3.2 FAIR data principles
The FAIR data principles (Wilkinson et al. 2016) are:
- Findability
- Accessibility
- Interoperability
- Reusability
These are considered so important the G20 leaders, at the 2016 G20 Hangzhou summit, issued a statement endorsing the application of FAIR principles to research. However, excepting confidentialityissues, they can be considered to apply far wider. The principles are intended to encourage or enhance the capability of computer systems to locate, access, integrate, and reuse data with little or no human intervention.
Apart from the need to have a persistent, stable and available source pointed at by a unique DOI30 the principles also emphasise the role of meta-data.

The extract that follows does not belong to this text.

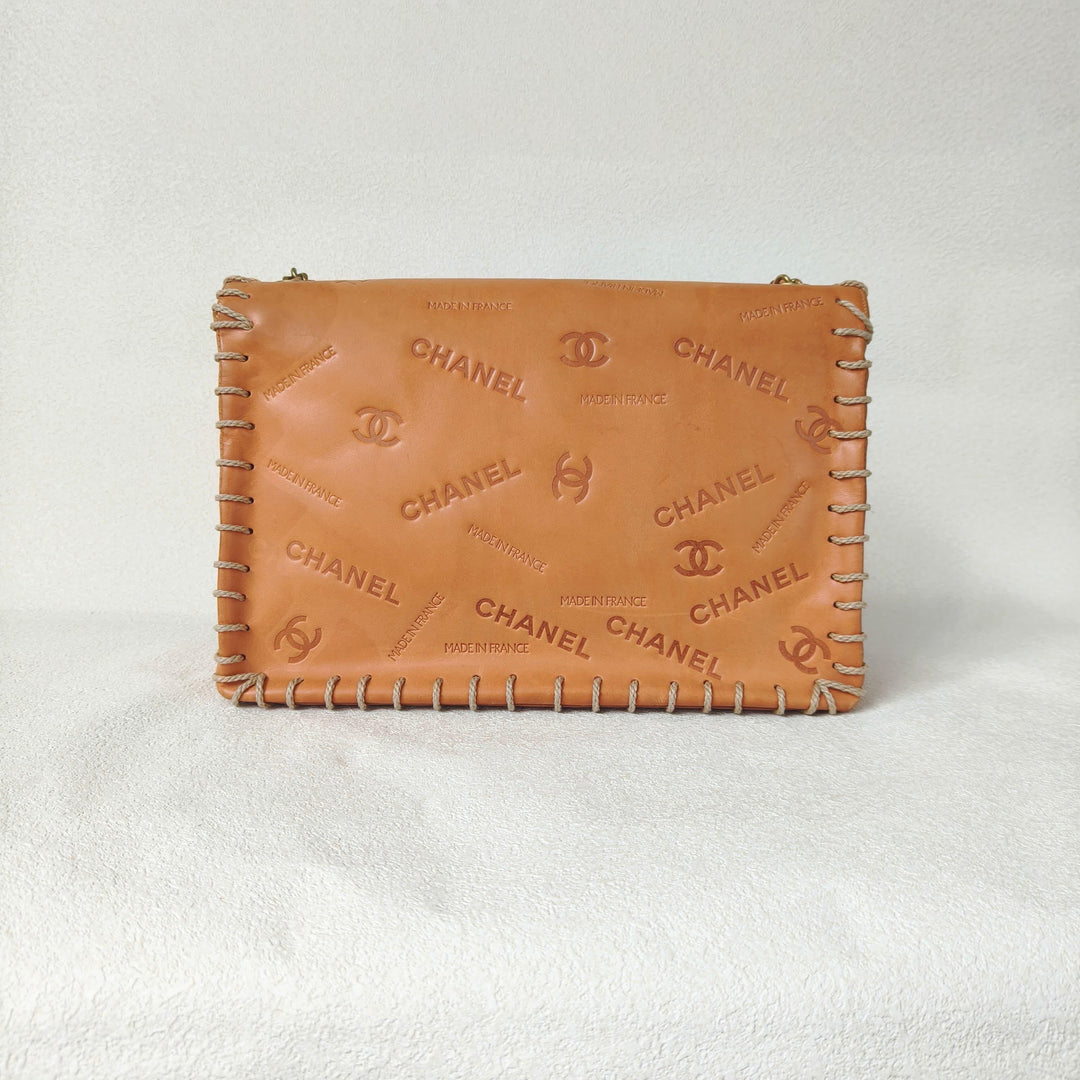 Chanel Maxi Classic Flap Bag Tan Debossed Logo Calfskin Whipstitched Gold Hardware 1994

- F2: data are described with rich metadata
- A1: meta-data are retrievable by their identifier [DOI] using a standardized communications protocol
- I1: meta-data use a formal, accessible, shared, and broadly applicable language for knowledge representation
- R1.2: meta-data are associated with detailed provenance
- R1.3: meta-data meet domain-relevant community standard
Meta-data: is data about data. Meta-data describes how the data set is organised and the meanings of individual variables. For example, we might say that the variable Person ID comprises alpha-numeric characters (so it’s a string) and to be valid it must be (i) unique and (ii) exactly 8 characters in length. This information facilitates meaningful processing and analysis.
How we curate and share data is fundamental to meaningful data science so it is a theme we will return to many times. Meaningful meta-data is crucial to this process. Two sources if you wish to read further are the JavaTpoint tutorial and a tutorial on meta-data in the context of extract-transfrom-load (ETL systems).

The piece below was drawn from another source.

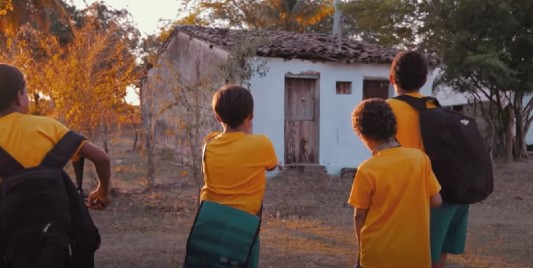 Três crianças em frente a uma casa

3.2.1 A bad example of data sharing
The following example is drawn from a study on data quality problems with some widely shared NASA software defect data sets (Shepperd et al. 2013). Many researchers have been interested in using machine learning algorithms to classify software components as defective or not. For a systematic review of research in this area see (Hall et al. 2011). At least 100 research papers were based on these publicly-shared NASA31 software defect data sets not least because they were in the public domain and easy to access.
However, upon closer inspection we realised that the data sets had a lot of problems! These included negative values for counts, floating point values for counts and multiple violations of referential integrity constraints. As an example (where LOC is lines of code):
TOTAL_LOC \(\geq\) COMMENT_LOC + BLANK_LOC + EXECUTABLE_LOC
By checking for these constraints we found many problems in the data sets and published some cleaned versions for future research. But a question arises about the value of the previous research that was based on incorrect data. How much have their results been impacted. This again highlights the importance of data quality checking.
In terms of implementing this kind of integrity checking, R has a very useful R package {validate} that allows rules to be specified and applied. You can get more information from here.
References
A DOI or digital object identifier is a unique link to some digital resource e.g., a document and is governed by the International DOI Foundation.↩︎
To be clear we are not blaming the errors on NASA but most likely on subsequent merging and pre-processing by researchers wishing to support their communities by engaging in data sharing. Unfortunately, it is all too easy to make mistakes and then these are propagated.↩︎